▸ Work order
Only the pictures should be left out; repeat the rest of the data exactly.

▸ Information provided
::::::
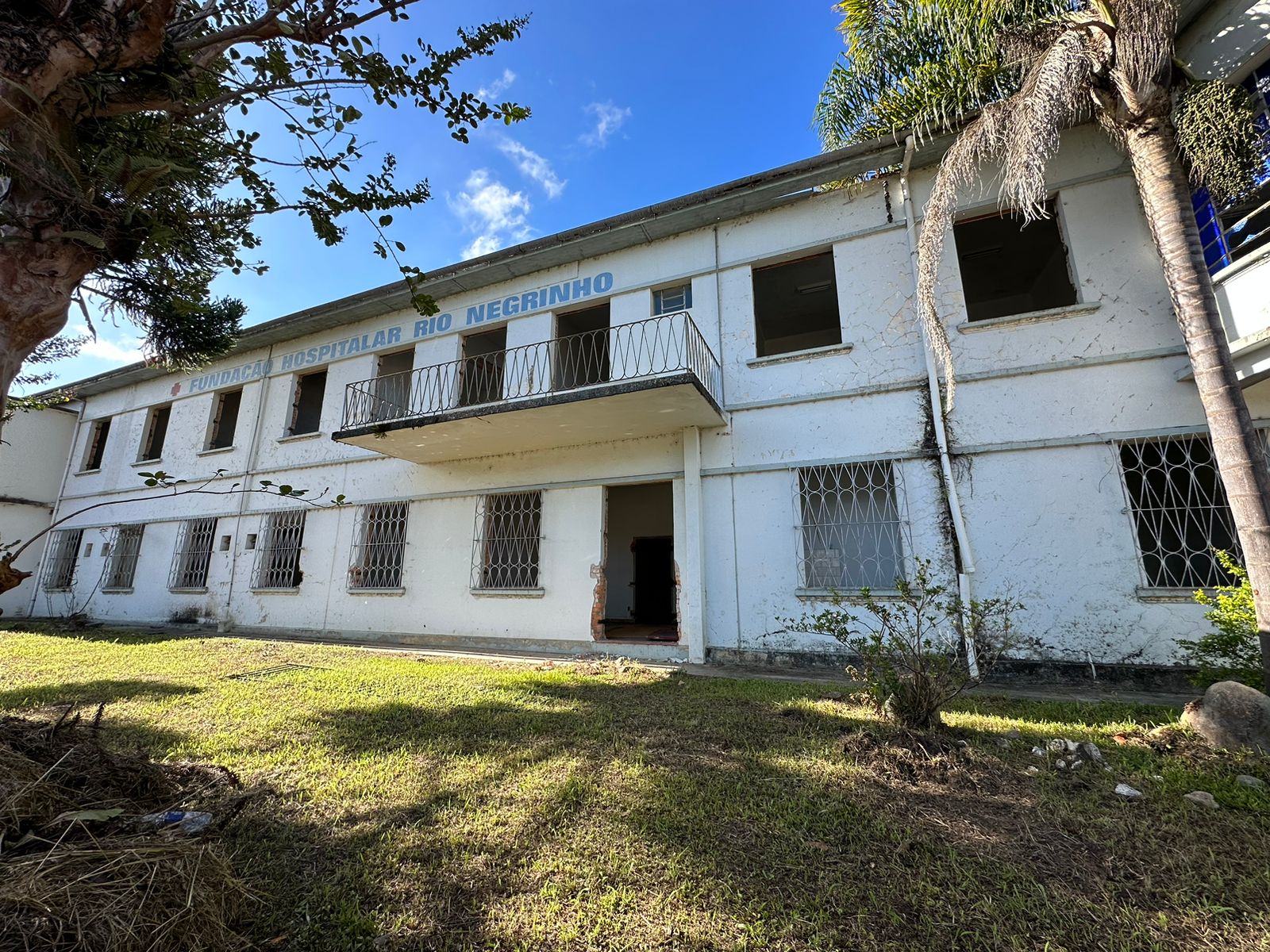 Antigo Hospital de Rio Negrinho vai abrigar órgãos da educação após reforma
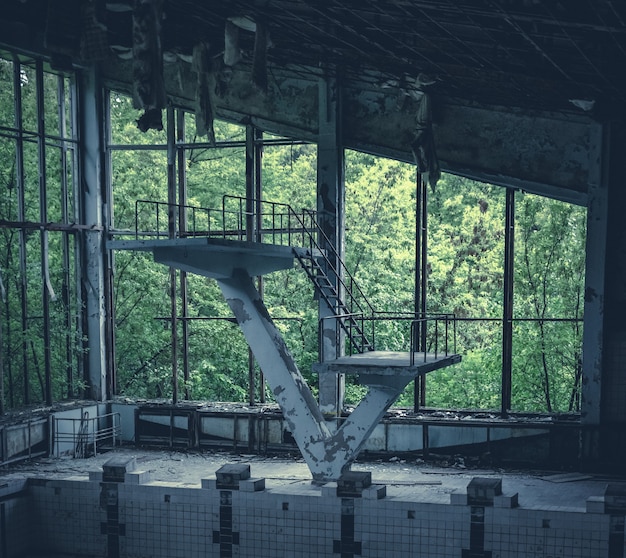 Foto piscina radioattiva abbandonata nella scuola della zona di esclusione di pripyat chernobyl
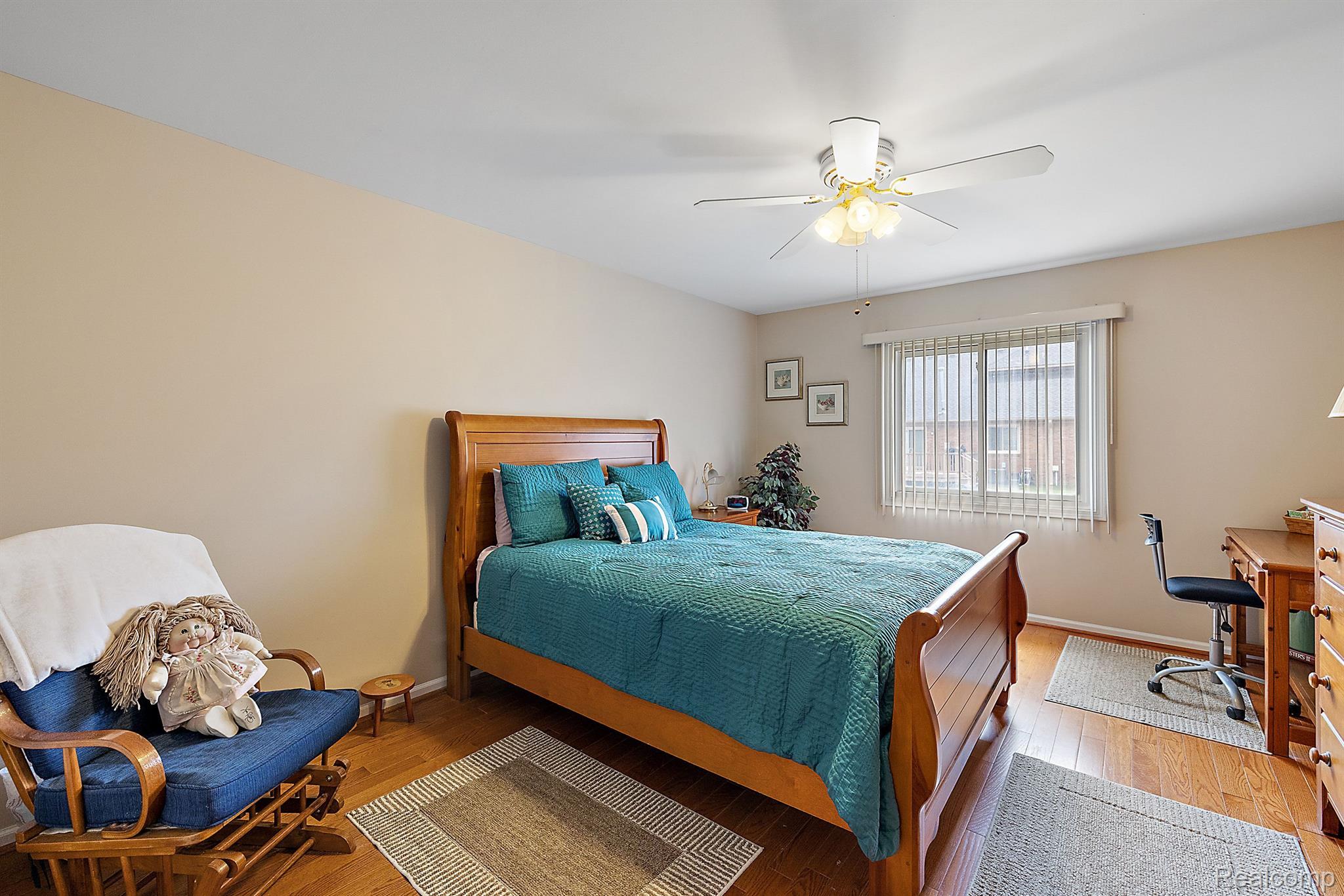 16824 Country Ridge Court Macomb, MI 48044 - Photo 21 of 36 Master Bedroom Main Floor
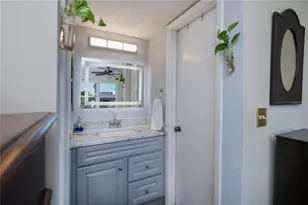 1001 Benjamin Franklin Dr, Sarasota, FL 34236 - Photo 43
::::::
▸ Expected answer
 Antigo Hospital de Rio Negrinho vai abrigar órgãos da educação após reforma
 Foto piscina radioattiva abbandonata nella scuola della zona di esclusione di pripyat chernobyl
 16824 Country Ridge Court Macomb, MI 48044 - Photo 21 of 36 Master Bedroom Main Floor
 1001 Benjamin Franklin Dr, Sarasota, FL 34236 - Photo 43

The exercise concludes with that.